Again, one can quibble with the distances between some of the political figures and labels on the spectrum, but this graphic seems to do a better job at capturing the diversity of political views. Totalitarianism and anarchy are the polar opposites, though Burgett Capital takes issue with an implication that economic security and personal security would be maximized in a regime headed by Stalin or Hitler. Yes, nothing to fear but the boot of the state.

So perhaps the problem is this whole undertaking of attempting to categorize the myriad belief systems, political parties, and historical leaders across an array based upon two (or four) concepts. It’s a complex mapping problem, so any solution is bound to be messy.

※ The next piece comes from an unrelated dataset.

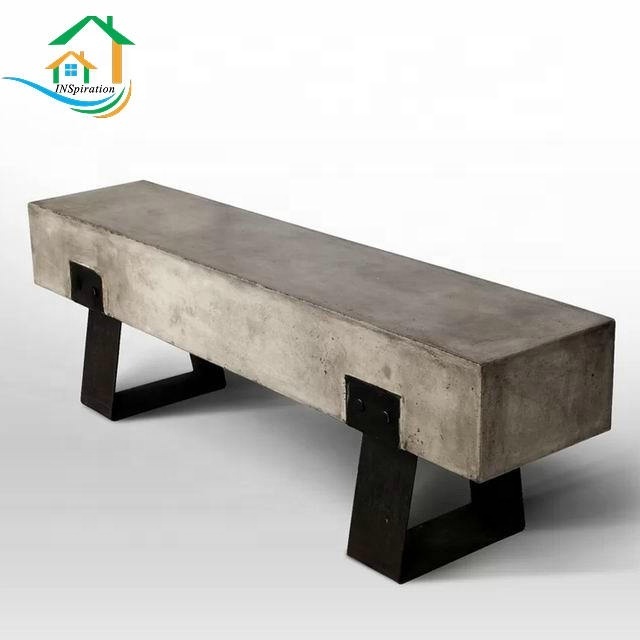 Public sites concrete patio bench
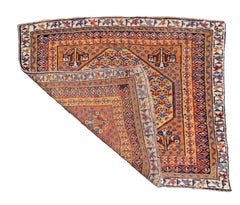 Antique Persian Qashqai Mat 1’7” x 1’7”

Why is this important? For one thing, if you look at enough of these spectrums, you start to see many are designed in a way that reveals political opinion. Anarchy is put on the left, put on the right, or entirely ignored. The politics of the designer are always around the middle. Like the porridge Goldilocks chooses, the position they want you to land on is “just right” — far enough away from Hitler and other crazies, just over the centrist border of tending left or right.

Spectrums are pregnant with labels. When labeling occurs minds shut off. Upon mention of anarcho-capitalism, minds shut off. Both words have negative connotations. Some people would confuse a voluntary society with nihilism or primitivism. Others would jump to some form of plutocracy where corporate interests rule, like the dystopian future imagined on the TV show Continuum. One can see the labels being dealt like cards as people reason by analogy.

Murray Rothbard, in his book Society and State, wrote,  “I define anarchist society as one where there is no legal possibility for coercive aggression against the person or property of any individual.”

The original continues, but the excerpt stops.